→ DATA PROVIDED
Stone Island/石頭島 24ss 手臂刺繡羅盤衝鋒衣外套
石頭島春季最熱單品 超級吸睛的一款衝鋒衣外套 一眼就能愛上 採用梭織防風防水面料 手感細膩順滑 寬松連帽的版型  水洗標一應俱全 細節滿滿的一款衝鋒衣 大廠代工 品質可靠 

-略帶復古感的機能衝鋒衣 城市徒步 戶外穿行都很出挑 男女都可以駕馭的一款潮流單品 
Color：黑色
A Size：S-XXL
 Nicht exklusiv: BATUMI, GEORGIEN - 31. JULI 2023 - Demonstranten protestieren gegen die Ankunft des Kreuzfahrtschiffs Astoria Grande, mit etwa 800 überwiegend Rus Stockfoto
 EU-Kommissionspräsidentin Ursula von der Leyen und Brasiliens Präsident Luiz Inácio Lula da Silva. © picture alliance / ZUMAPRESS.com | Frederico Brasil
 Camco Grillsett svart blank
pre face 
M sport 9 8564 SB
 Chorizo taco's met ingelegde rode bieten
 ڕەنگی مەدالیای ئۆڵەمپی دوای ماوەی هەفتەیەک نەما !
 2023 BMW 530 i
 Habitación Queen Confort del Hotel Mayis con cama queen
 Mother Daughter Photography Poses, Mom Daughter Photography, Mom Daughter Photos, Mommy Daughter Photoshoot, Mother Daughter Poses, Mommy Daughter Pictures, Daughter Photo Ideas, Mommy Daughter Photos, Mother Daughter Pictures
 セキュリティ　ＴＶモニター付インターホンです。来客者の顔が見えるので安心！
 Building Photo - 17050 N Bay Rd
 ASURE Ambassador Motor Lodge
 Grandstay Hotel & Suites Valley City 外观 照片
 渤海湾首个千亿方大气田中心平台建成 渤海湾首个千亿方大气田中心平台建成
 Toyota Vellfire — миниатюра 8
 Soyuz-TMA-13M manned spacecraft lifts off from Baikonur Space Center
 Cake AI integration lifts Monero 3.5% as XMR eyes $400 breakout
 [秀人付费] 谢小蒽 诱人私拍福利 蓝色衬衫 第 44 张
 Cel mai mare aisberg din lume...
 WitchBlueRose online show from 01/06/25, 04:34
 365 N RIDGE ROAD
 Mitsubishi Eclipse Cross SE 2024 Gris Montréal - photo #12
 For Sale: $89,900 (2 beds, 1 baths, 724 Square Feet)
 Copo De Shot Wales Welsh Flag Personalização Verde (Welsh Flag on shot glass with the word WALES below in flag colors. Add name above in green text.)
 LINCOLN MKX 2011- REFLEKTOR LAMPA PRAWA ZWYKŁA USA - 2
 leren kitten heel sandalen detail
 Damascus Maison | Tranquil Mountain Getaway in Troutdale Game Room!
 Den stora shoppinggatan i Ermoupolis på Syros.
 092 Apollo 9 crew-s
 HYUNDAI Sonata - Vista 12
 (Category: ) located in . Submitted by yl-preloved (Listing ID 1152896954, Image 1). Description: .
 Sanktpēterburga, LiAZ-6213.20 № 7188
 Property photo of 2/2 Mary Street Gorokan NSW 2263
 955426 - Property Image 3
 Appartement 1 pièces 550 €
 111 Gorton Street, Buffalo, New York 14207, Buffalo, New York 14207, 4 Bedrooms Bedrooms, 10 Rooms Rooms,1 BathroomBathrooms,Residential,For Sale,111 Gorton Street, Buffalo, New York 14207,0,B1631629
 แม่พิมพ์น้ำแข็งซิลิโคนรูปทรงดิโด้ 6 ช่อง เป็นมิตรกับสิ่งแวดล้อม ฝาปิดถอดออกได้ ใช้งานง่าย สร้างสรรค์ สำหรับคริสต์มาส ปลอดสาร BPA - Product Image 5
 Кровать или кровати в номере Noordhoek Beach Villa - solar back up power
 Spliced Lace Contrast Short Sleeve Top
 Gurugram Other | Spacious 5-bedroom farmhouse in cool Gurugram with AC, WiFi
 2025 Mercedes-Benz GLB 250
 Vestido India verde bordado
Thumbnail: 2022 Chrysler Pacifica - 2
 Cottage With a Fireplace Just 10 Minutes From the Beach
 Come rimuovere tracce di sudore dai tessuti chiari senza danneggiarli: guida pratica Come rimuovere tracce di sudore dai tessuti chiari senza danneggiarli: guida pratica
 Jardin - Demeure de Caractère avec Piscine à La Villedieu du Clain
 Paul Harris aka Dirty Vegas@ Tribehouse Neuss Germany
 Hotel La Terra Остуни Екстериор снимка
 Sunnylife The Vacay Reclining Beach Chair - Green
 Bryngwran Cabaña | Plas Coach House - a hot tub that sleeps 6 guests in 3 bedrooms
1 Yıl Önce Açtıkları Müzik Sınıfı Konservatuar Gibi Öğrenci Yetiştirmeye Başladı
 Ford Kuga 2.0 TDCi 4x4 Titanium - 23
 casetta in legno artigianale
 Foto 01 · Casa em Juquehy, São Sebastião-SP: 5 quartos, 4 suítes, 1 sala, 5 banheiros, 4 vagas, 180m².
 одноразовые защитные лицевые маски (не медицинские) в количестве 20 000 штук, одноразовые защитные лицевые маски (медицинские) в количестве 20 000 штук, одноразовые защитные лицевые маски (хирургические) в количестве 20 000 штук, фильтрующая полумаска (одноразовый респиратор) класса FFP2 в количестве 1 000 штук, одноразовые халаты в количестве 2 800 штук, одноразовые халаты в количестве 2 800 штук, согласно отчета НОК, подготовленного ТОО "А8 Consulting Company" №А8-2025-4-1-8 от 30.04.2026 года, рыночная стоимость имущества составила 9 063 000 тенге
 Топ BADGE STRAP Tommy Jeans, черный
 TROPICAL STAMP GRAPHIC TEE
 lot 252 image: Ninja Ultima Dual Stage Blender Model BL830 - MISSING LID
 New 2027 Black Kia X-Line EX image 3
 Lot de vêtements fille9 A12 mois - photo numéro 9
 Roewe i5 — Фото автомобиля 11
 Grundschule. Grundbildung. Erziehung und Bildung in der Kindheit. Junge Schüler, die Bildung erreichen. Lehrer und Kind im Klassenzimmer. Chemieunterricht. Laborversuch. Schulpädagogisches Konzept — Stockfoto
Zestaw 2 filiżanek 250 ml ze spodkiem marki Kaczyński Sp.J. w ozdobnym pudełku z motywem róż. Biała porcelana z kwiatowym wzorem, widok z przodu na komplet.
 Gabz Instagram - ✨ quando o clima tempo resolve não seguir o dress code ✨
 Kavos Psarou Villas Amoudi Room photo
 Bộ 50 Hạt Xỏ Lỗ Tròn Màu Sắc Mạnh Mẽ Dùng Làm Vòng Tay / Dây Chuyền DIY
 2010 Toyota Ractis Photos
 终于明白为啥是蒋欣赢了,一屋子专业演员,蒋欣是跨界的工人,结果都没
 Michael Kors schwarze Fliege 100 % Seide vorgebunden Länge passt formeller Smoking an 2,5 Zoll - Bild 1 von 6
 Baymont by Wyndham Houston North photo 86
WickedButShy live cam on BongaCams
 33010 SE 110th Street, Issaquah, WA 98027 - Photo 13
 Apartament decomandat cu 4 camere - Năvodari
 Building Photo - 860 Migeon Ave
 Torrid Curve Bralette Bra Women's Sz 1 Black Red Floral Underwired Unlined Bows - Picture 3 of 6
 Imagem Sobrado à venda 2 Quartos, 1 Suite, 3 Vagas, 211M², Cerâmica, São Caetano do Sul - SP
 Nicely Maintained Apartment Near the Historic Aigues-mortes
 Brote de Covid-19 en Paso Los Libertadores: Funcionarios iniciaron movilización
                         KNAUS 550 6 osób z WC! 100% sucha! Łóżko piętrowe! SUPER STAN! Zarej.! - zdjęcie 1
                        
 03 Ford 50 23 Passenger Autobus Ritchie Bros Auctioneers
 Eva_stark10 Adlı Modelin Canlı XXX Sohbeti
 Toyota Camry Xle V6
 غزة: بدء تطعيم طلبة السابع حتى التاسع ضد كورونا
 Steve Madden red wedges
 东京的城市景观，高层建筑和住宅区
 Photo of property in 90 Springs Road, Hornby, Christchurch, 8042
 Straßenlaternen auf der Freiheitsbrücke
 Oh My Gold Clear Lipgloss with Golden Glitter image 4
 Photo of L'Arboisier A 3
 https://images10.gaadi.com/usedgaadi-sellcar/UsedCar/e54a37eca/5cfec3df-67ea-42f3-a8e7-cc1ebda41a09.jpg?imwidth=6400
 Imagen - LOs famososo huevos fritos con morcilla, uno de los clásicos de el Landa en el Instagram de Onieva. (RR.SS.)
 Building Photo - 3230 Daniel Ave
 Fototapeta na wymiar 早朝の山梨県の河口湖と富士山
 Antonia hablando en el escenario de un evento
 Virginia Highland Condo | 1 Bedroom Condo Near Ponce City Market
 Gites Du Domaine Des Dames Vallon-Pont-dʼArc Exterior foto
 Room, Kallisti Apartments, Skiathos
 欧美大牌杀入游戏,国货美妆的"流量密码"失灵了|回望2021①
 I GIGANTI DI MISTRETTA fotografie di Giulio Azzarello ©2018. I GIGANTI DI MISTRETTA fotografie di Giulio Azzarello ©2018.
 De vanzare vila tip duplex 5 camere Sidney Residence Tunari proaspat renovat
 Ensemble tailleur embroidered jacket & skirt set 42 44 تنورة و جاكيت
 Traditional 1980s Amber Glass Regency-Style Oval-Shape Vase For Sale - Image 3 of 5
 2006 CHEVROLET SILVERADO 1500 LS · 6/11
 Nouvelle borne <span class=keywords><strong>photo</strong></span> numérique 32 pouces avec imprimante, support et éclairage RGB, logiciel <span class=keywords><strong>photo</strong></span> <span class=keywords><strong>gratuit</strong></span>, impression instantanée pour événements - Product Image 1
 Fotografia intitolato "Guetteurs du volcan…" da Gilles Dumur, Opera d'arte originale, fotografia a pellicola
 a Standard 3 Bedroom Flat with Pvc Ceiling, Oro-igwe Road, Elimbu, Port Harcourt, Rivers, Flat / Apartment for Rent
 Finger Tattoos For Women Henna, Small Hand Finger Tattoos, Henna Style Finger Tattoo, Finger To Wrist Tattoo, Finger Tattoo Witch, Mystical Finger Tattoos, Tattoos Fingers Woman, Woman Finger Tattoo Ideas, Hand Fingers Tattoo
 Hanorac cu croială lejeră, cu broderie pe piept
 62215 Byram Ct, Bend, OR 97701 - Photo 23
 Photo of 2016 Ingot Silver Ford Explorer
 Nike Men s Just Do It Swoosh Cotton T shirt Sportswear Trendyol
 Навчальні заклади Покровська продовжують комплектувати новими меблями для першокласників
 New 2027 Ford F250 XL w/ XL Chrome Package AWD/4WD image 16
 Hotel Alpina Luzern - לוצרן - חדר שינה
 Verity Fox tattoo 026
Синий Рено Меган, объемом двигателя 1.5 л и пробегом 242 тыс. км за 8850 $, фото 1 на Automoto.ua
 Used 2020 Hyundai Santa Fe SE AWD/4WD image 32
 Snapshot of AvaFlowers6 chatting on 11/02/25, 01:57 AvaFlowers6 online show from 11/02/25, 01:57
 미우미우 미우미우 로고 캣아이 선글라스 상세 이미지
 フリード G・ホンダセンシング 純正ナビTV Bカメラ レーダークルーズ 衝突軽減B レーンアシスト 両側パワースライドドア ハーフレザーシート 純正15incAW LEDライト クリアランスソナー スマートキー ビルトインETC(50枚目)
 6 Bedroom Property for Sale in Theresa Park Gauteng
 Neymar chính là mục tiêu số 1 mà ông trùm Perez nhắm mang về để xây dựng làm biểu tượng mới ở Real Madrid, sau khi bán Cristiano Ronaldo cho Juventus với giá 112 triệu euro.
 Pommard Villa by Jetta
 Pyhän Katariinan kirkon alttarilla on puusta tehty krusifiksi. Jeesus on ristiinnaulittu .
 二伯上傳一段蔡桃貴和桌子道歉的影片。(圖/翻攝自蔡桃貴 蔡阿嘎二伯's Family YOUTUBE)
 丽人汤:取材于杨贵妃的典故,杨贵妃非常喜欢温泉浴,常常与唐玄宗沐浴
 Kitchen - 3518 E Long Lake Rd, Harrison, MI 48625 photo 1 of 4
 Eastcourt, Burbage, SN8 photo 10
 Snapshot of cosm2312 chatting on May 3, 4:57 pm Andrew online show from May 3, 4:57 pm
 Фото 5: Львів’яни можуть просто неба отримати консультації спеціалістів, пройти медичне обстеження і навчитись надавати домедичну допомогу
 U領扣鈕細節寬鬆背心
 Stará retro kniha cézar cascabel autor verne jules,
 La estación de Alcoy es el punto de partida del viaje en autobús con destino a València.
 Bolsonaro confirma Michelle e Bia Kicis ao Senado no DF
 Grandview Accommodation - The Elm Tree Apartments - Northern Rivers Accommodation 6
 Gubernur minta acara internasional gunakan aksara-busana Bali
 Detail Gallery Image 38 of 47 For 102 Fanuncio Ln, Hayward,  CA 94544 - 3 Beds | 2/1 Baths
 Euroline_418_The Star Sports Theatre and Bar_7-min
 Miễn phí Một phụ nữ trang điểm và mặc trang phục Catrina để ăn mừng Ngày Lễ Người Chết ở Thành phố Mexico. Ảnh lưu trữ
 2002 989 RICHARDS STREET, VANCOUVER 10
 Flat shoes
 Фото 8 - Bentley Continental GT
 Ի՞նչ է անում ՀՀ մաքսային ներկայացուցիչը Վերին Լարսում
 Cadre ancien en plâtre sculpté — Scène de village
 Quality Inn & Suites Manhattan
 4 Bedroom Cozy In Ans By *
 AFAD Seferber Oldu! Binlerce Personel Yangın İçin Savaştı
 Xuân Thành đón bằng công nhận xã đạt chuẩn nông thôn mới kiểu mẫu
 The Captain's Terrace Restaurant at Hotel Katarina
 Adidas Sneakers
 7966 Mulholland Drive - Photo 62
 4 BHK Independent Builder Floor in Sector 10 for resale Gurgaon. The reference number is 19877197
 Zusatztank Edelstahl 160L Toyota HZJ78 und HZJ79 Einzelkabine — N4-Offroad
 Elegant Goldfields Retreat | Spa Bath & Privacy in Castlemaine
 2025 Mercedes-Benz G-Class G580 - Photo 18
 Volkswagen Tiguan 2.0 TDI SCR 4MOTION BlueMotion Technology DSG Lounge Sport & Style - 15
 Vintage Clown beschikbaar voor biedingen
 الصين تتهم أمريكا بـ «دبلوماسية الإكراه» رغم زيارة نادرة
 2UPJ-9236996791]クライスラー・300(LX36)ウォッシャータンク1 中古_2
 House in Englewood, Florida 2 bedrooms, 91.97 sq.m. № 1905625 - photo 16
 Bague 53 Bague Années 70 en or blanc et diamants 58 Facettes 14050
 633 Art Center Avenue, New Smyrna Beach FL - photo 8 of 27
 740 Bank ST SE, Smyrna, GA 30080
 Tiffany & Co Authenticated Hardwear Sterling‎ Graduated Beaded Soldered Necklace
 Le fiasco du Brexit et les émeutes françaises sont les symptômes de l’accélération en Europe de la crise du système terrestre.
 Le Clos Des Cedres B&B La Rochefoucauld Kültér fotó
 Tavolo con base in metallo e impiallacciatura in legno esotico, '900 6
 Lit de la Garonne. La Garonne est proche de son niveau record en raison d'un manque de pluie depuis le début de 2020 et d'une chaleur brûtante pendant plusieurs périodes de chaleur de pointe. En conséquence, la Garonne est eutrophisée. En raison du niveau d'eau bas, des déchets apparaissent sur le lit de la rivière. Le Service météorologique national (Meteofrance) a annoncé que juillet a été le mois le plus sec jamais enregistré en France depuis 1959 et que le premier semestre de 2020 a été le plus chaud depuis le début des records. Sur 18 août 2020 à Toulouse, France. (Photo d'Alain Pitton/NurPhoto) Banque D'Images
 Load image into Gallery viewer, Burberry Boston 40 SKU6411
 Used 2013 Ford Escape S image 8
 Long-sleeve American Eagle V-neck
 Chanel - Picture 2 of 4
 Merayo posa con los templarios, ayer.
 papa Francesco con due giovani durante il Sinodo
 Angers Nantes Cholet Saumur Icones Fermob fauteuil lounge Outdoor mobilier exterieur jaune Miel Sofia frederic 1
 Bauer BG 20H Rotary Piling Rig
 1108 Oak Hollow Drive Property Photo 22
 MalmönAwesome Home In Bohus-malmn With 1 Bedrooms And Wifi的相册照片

→ PROBLEM TO WORK ON
In the listing above, the lines from the one containing "Eastcourt, Burbage, SN8 photo 10" through the one containing "Ի՞նչ է անում" must be set down exactly, with no other lines.

→ TASK RESPONSE
 Eastcourt, Burbage, SN8 photo 10
 Snapshot of cosm2312 chatting on May 3, 4:57 pm Andrew online show from May 3, 4:57 pm
 Фото 5: Львів’яни можуть просто неба отримати консультації спеціалістів, пройти медичне обстеження і навчитись надавати домедичну допомогу
 U領扣鈕細節寬鬆背心
 Stará retro kniha cézar cascabel autor verne jules,
 La estación de Alcoy es el punto de partida del viaje en autobús con destino a València.
 Bolsonaro confirma Michelle e Bia Kicis ao Senado no DF
 Grandview Accommodation - The Elm Tree Apartments - Northern Rivers Accommodation 6
 Gubernur minta acara internasional gunakan aksara-busana Bali
 Detail Gallery Image 38 of 47 For 102 Fanuncio Ln, Hayward,  CA 94544 - 3 Beds | 2/1 Baths
 Euroline_418_The Star Sports Theatre and Bar_7-min
 Miễn phí Một phụ nữ trang điểm và mặc trang phục Catrina để ăn mừng Ngày Lễ Người Chết ở Thành phố Mexico. Ảnh lưu trữ
 2002 989 RICHARDS STREET, VANCOUVER 10
 Flat shoes
 Фото 8 - Bentley Continental GT
 Ի՞նչ է անում ՀՀ մաքսային ներկայացուցիչը Վերին Լարսում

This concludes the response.